We have thus found quite some info already just by exploiting symmetries of the system, and only now do we start into the calculation you present above, i.e. we use Gauß' law (generally valid, a statement that the electric flux through a surface is equal to the enclosed charge) for the surface $S$ you show above, i.e.
$$
\int_S \vec{D} \cdot \vec{n}\, \text{d}A = q\,.
$$
After using $\vec{D} = \varepsilon_0 \vec{E}$ and $q = A \sigma$, we turn our attention to the integral. Since, as we have found above, the electric field is normal to charged sheet, only on the faces labelled 1 and 2 is the scalar product $\vec{E} \cdot \vec{n}$ of electric field and surface normal non-zero. Even better: it is constant on that part of the surface because $\vec{E}$ does not depend on $y$ or $z$. Which means we can evaluate
$$
\int_S \vec{E} \cdot \vec{n}\, \text{d}A = 2 A \left|\vec{E}\right|\,.
$$
This is, in a bit more detail, what is going on in the derivation you are referencing. You see how important it is to exploit the symmetry, right?

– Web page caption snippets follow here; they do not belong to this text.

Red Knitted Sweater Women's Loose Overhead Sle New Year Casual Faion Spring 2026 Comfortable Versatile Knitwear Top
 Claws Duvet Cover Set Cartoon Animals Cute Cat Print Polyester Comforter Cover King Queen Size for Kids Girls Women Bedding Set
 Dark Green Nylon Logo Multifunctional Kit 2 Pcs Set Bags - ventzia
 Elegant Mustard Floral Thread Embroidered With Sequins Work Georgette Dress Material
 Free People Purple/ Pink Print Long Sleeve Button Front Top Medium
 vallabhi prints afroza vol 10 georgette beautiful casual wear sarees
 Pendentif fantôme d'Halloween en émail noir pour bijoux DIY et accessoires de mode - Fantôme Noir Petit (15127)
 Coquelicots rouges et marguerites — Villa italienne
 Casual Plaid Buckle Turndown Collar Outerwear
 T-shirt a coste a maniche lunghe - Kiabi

Now, for the point charge issue. The electric potential - and thus the electric field as well - is calculated from the charge distribution in the whole of $\mathbb{R}^3$, not just a part in some Gaussian surface. As in (the solution to Poisson's equation)
$$
\varphi(\vec{x}) = \frac{1}{4 \pi \varepsilon_0}\int_{\mathbb{R}^3} \frac{\rho(\vec{x}')}{\left|\vec{x}-\vec{x}'\right|} \text{d}^3\vec{x}'\,,
$$
$$
\vec{E}(\vec{x}) = \frac{1}{4 \pi \varepsilon_0}\int_{\mathbb{R}^3} \frac{\rho(\vec{x}') (\vec{x}-\vec{x}')}{\left|\vec{x}-\vec{x}'\right|^3} \text{d}^3\vec{x}'\,.
$$
You can see this as an infinite superposition of the fields of point charges all over the charged plane.
Now, what we could have done instead of the "trick shot" involving Gauß' law is just to use the charge density of the infinite plane
$$
\rho(\vec{x}) = \sigma \delta(x)
$$
($x$ without arrow meaning the $x$-component of $\vec{x}$), plug this into the integral and also find the constant field from
$$
\vec{E}(\vec{x}) = \frac{\sigma}{4 \pi \varepsilon_0}\int_{\mathbb{R}^3} \frac{\delta(x) (\vec{x}-\vec{x}')}{\left|\vec{x}-\vec{x}'\right|^3} \text{d}^3\vec{x}'\,.
$$
(Which of course is a bit more tricky, an exercise in evaluating integrals... ;) )